A Halloween Memory

When I was a kid, my sister and I weren’t allowed to buy Halloween costumes.  Certain small things could be purchased at the store, namely face paint, but everything else we had to make our selves.  This might seem like something my parents did as an exercise in creativity or an effort to instill some kind self reliance, but in reality it was just a way to save money.

All the the other neighborhood children went to the store and bought costumes, which, at the time, were little more than plastic masks held up with a thin elastic cord and a wispy sheet of vinyl with holes for your head and limbs.  I know these were shit costumes.  Cheap, unimaginative, utter crap.  But when you are six years old and have assembled a Spiderman outfit comprised of a pair of your sisters blue tights, an Underoos t-shirt and your Grandmother’s lipstick, well, you get deflated pretty fuckin’ quick when your best friend comes over ready to trick-or-treat wearing a sweet, store bought He-Man costume.

Of all the my ill-conceived get ups, one stands tall above the rest.  I was four years old and absolutely captivated by The Incredible Hulk.  Between him and The Duke Brothers—whose flannel shirts informed my every day clothing—nothing seemed impossible.  All of life’s problem could be jumped over, smashed, or out run.  All you needed behind you was a just cause and maybe a moonshine running codger of an uncle.

So on my fourth Halloween, I decided to be The Hulk.  An easy costume, almost impossible to screw up.  A face covered in green paint and a shirt stuffed full of socks later, I was ready to go.  Just before embarking on our little candy hajj, my father, who next to Beau, Luke and David Banner was still the most powerful man on the planet says to me, “Why don’t you put a pair of panty hose over your head?” which I did, never stopping for an instant to question why The Incredible Hulk might decide to stuff his head in a pair L’eggs for the evening.

Many a Halloween came and went after that night and though I hadn’t ever forgotten about the incident, I never stopped to think about it for very long.  Finally, when I was maybe 20 years old and Halloween had become more about where to get drunk than it was about dressing up, I had a revelation; my Dad’s suggestion was nothing more than a way for him to amuse himself.

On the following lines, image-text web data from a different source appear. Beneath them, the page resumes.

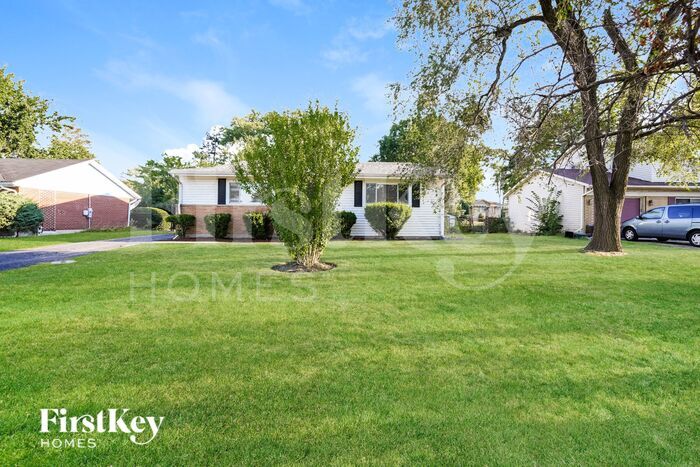 Foto principal - 2629 75th St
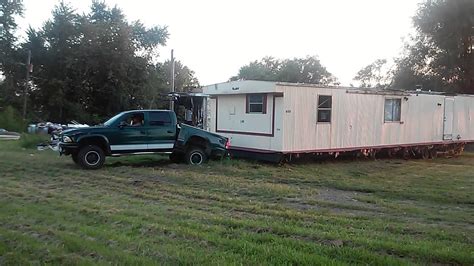 Finding A Local Mobile Home Mover Phoenix Mobile Home Buyers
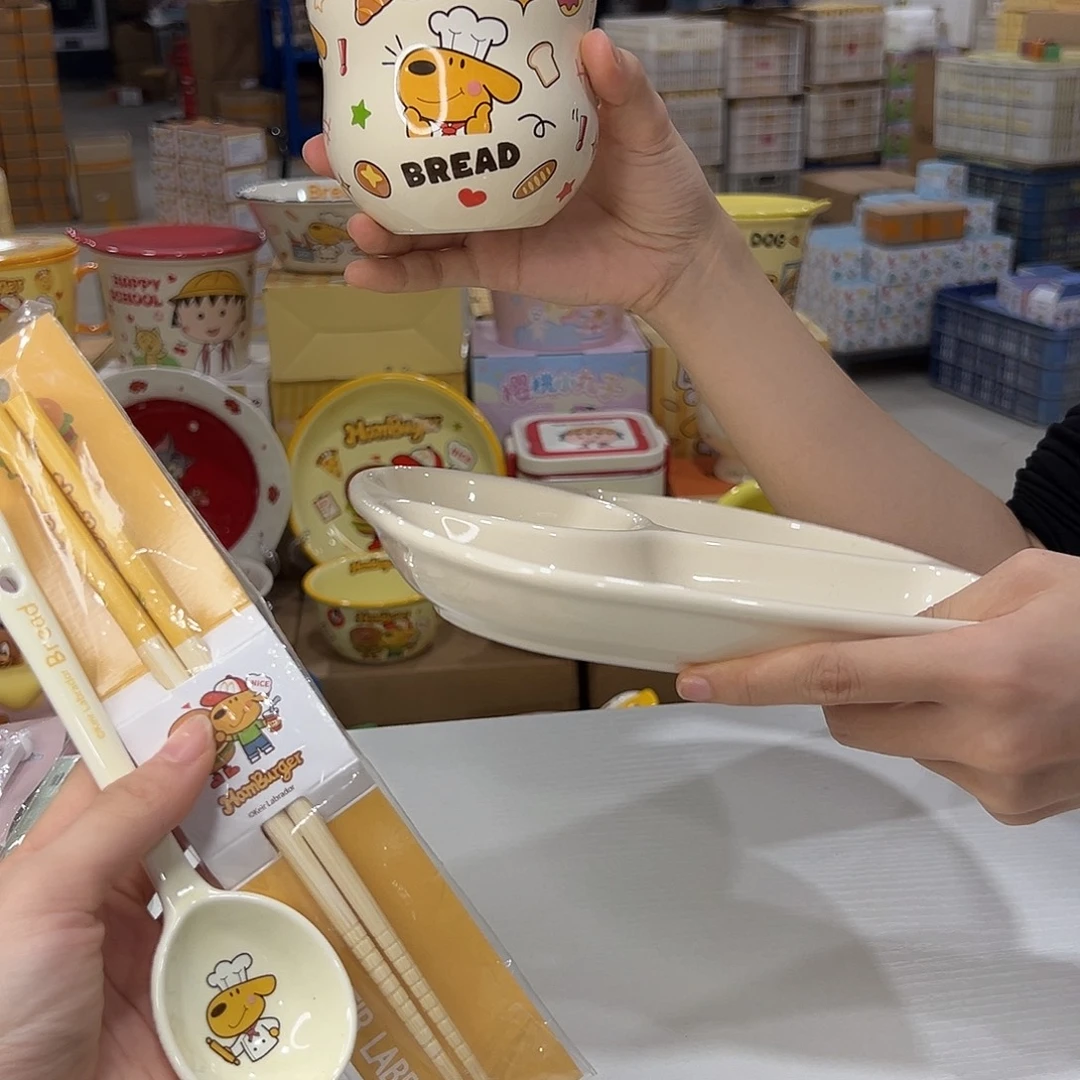 瓷176179 家勺子筷子 陶瓷陶瓷陶瓷陶瓷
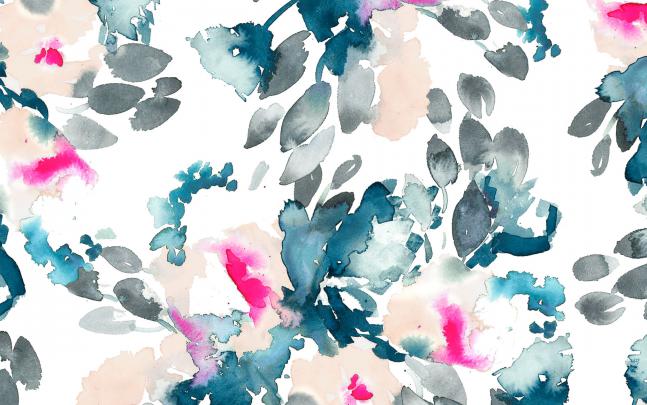 Best 59+ Pinterest Backgrounds on HipWallpaper | Pinterest Plum 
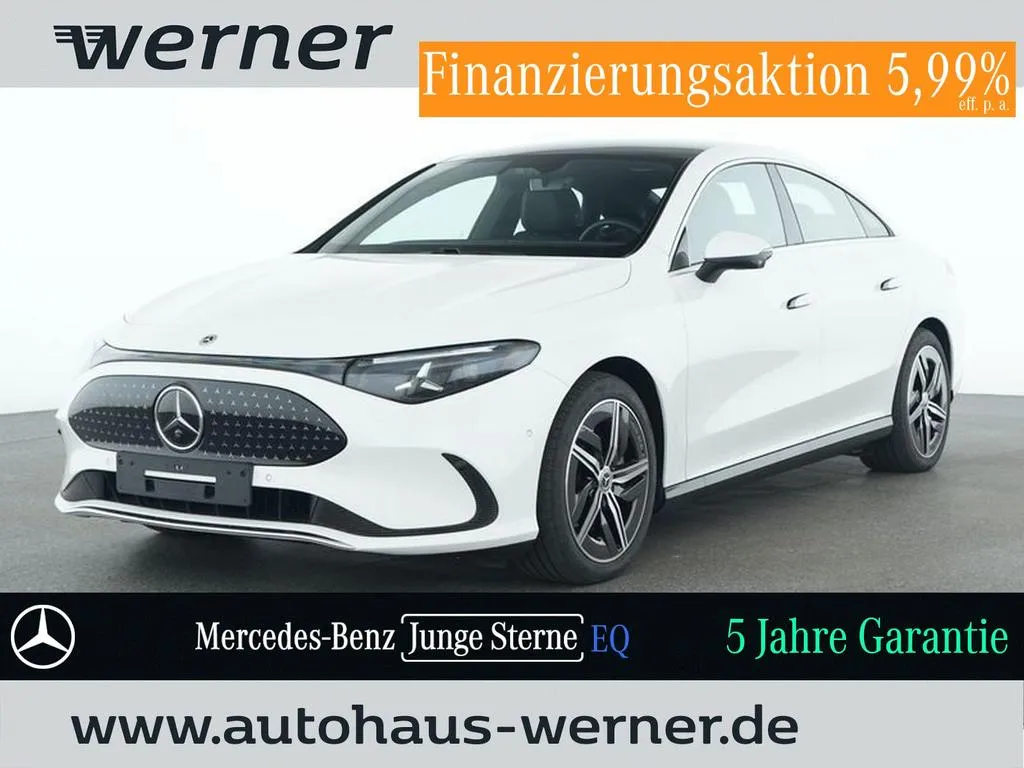 Mercedes-Benz 350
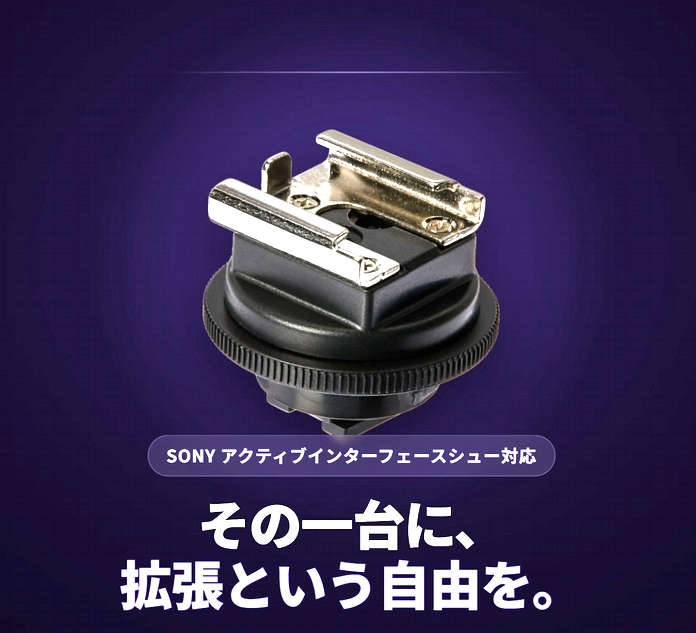 ペンF＋50-90ズーム＋メーター、シュー ペンF＋50-90ズーム＋メーター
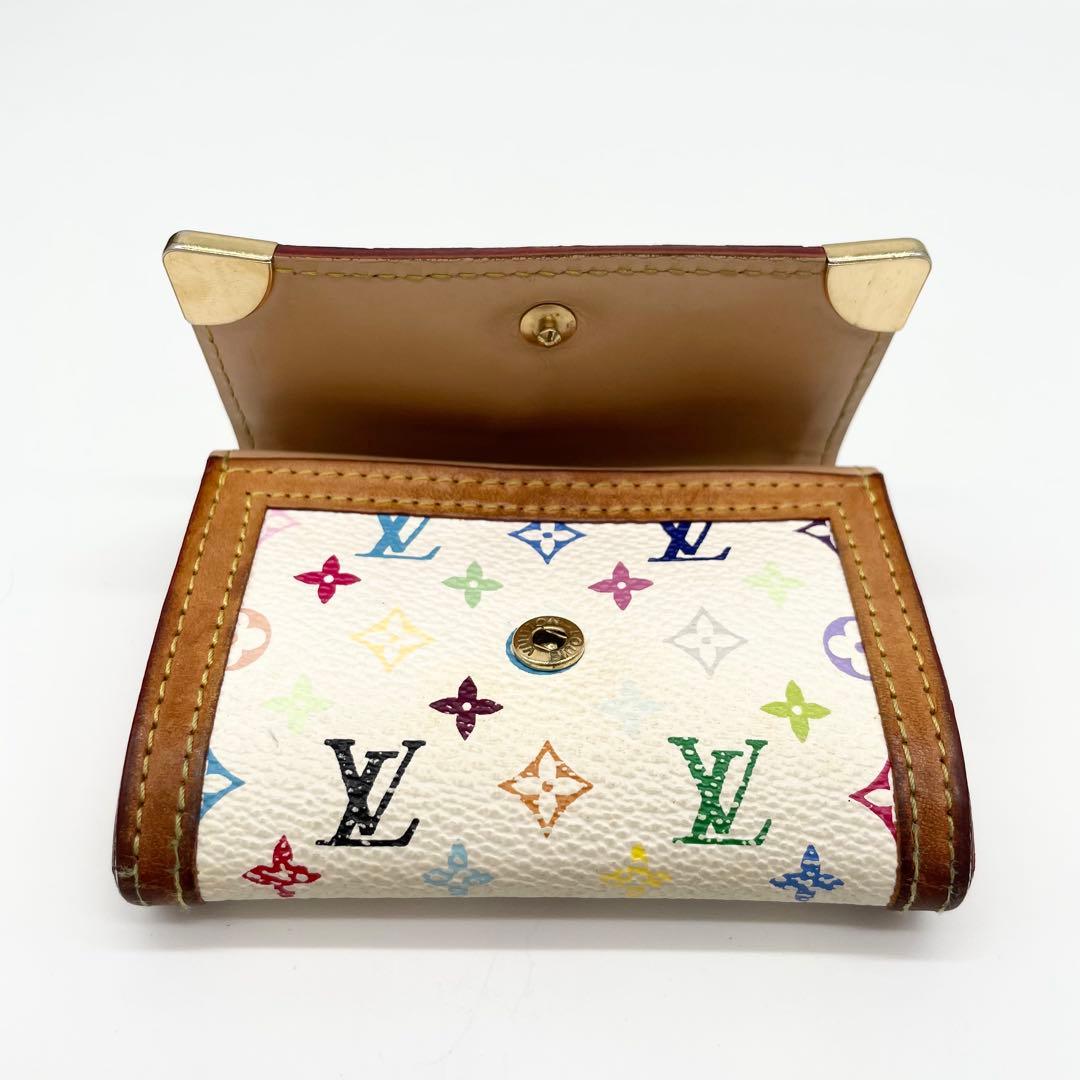 ひつじとシエスタ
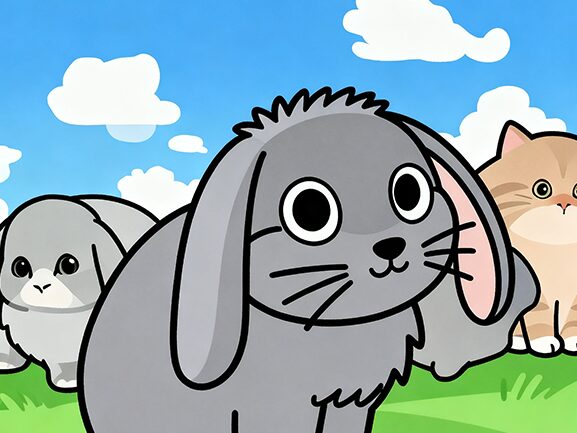 66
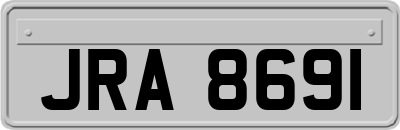 JRA8691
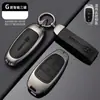 Adecuado para Funda de Llave Hyundai Ix35 Coche Langdong Pintura Famosa Elantra Ix25 Yuedong Rena Yuenan Bolsa de Carcasa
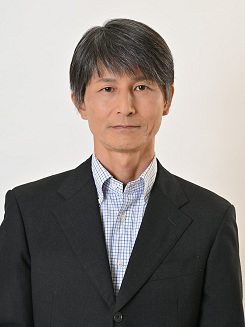 写真：成瀬議員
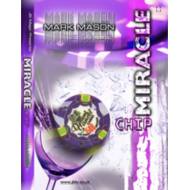 Miracle Chip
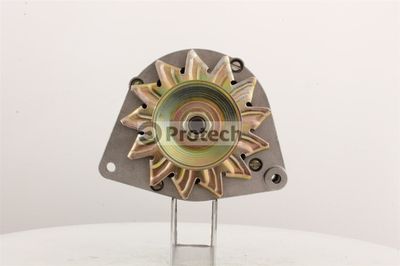 Генератор PROTECH IR7369 для ALFA ROMEO 33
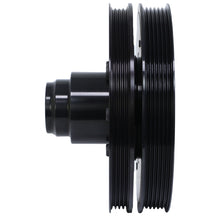 Load image into Gallery viewer, User 5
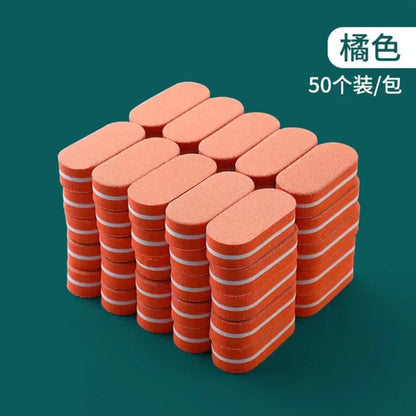 Mini Buffer Mask Queen Nepal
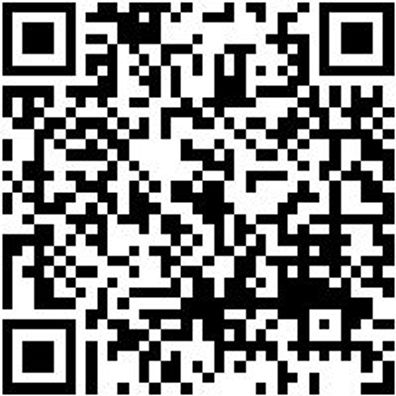 Gewindereparaturset Time-Sert Gwdrep-Set-M6X1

I can see him now, doubled over in laughter as I approached each successive house, him nearly engorged with self satisfaction at having provided a night of guffaws for himself and probably years of stifled chuckles and suppressed smiles any time the thought crossed his mind.

So thanks for the memories, Dad.  And the humiliation.  And the complex.  And the thin scrim of nylon through which I have to look back on my formative years with.